Anadolu halkının içinde bulunduğu acınası fakirlik halini tiksinti içeren bir üslupla anlatan mektuptur. Haşim, şehirli bir entelektüel ve kıvrak kalemli bir insan olarak köylüyü ustalıkla yerin dibine gömmüş. Tipik köylü-aydın çatışması.
Dönemin toplumsal yapısı hakkında fazlasıyla aydınlatıcı bu mektup ama ahmet haşim hakkında iyi şeyler düşünmeme de engel. ıııyyy tezek peşindeler yivrenç demek yerine bu insanlar neden tezek peşinde beyefendiciğim diye sormak gerekirdi.

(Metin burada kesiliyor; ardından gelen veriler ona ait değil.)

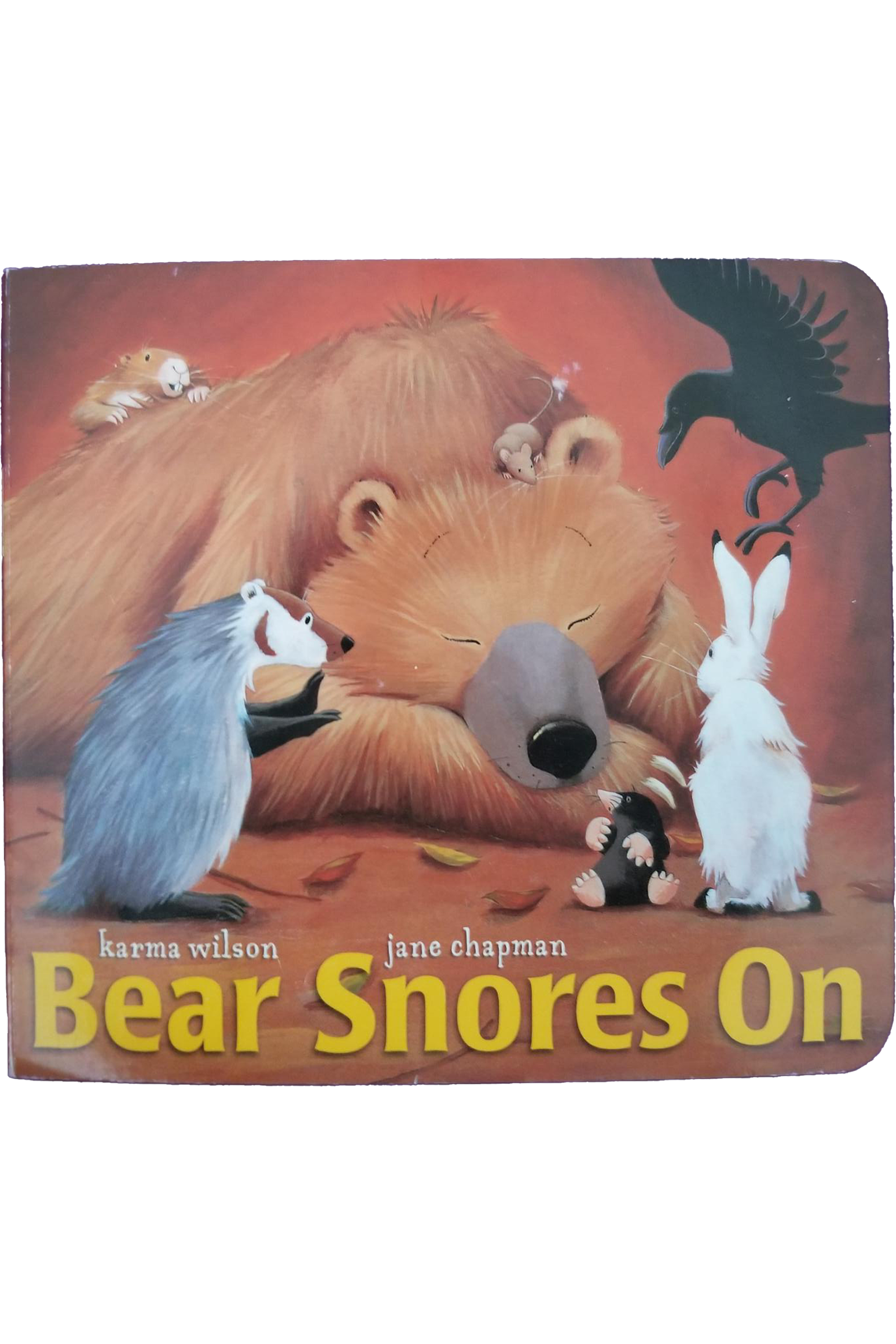 Bear Snores On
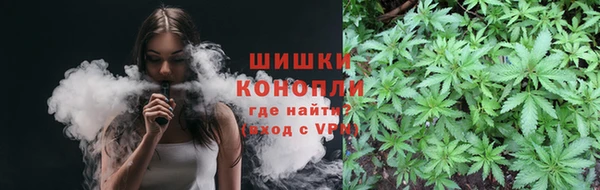 стаф Балахна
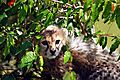 Cheetah cub climbing a tree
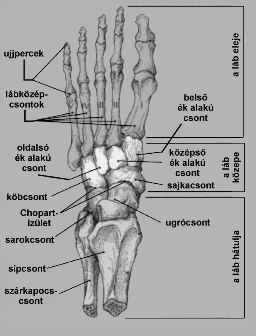 A lábfej csontjai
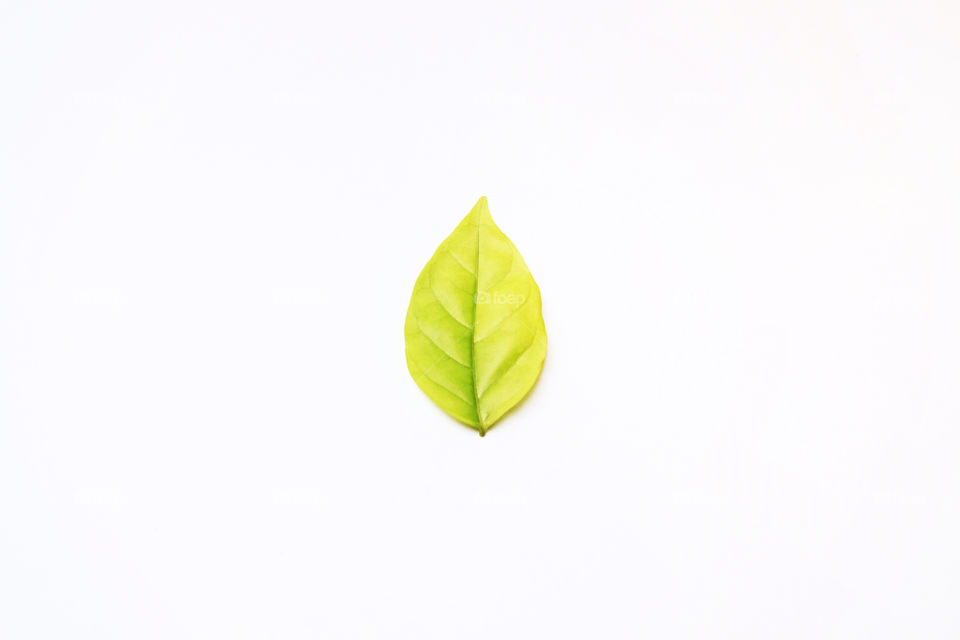 Beautiful green leaf on white color background.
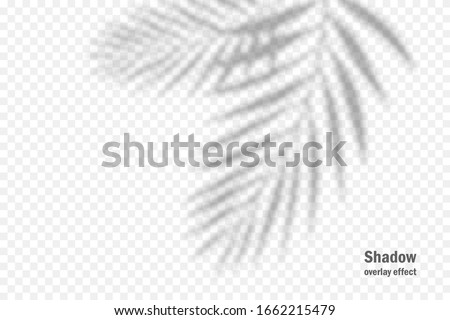 Vector shadow overlay effect. Transparent soft light and shadows from branches, plant and leaves. Mockup of transparent leaf shadow and natural lightning. Foto stock © 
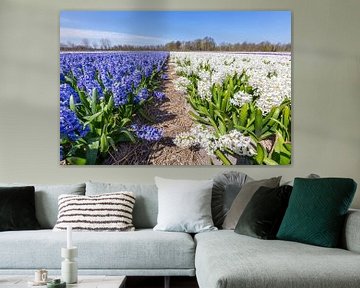 Bloemenveld met blauwe en witte hyacinten in Holland van Ben Schonewille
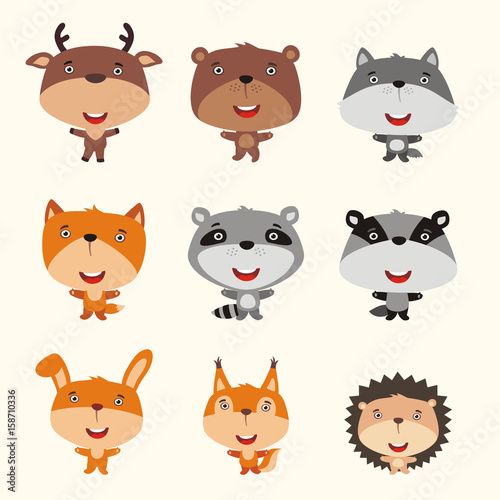 Vector set forest animals in cartoon style. Collection isolated forest animals: deer, bear, wolf, fox, raccoon, badger, hare, squirrel, hedgehog.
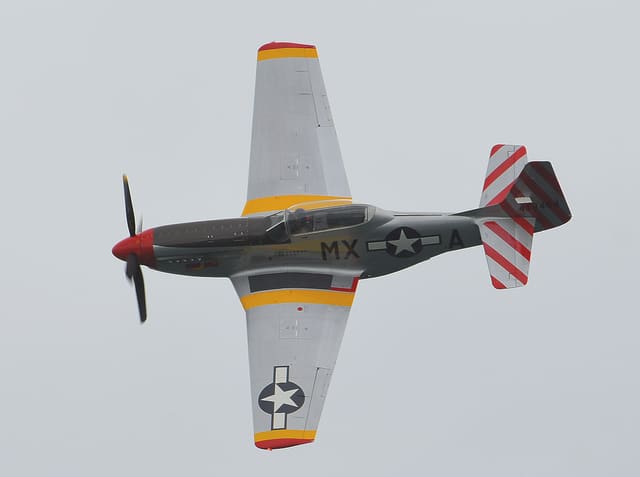  — Warbird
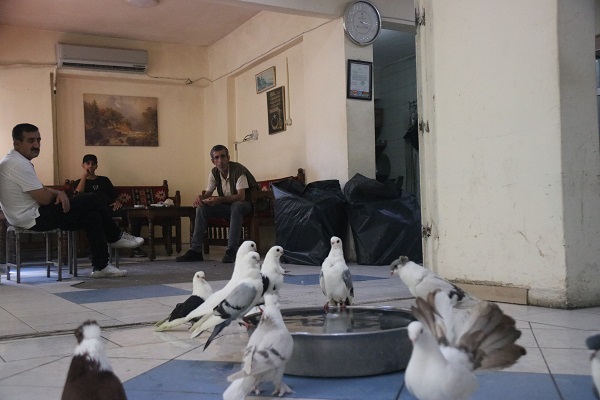 Foto - Bu otelde kuşlara hizmet sınırsız! Her biri araba fiyatında
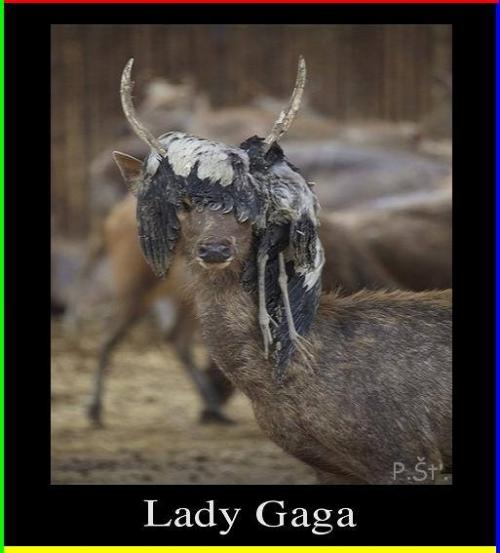  Lady Gaga 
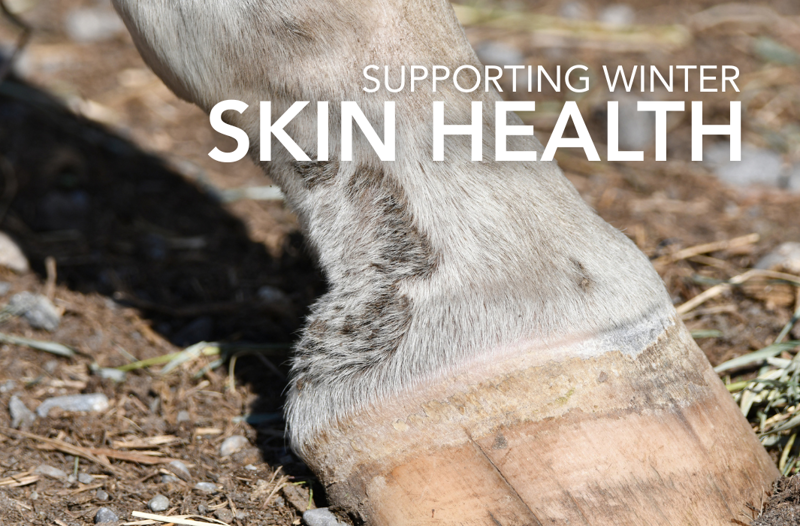 Supporting Winter Skin Health - Equine Science Matters™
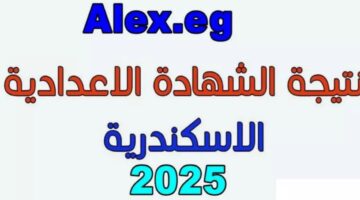 نتيجة الشهادة الإعدادية في محافظة الإسكندرية 2025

Aynı hayal kırıklığı köylü milletin efendisidir'e uyup köylere akın eden tezcanlı cumhuriyet aydınlarında da görülmüş. Onlar da tutup yaban'ı falan kaleme almışlar. Köylüye üstten bakmak bu hayal kırıklığını ve ümitsizliği beslemekten başka bir işe yaramayacak. Daha nesnel bir yaklaşım ve yapıyı içinde bulunulan koşullar çerçevesinde değerlendirmek en azından beklentiyi düşürür. Böylece taşralı ve şehirli aydın arasındaki farklar köşelerini yitirir ve birbirine batmamaya başlar.
Tabii biz hala bunlar çomar aabi ya seviyesinde olduğumuz için bu ılımlılaşma epey zaman alacak. Hatta belki de hiç olmaz öyle bir şey. Bakalım.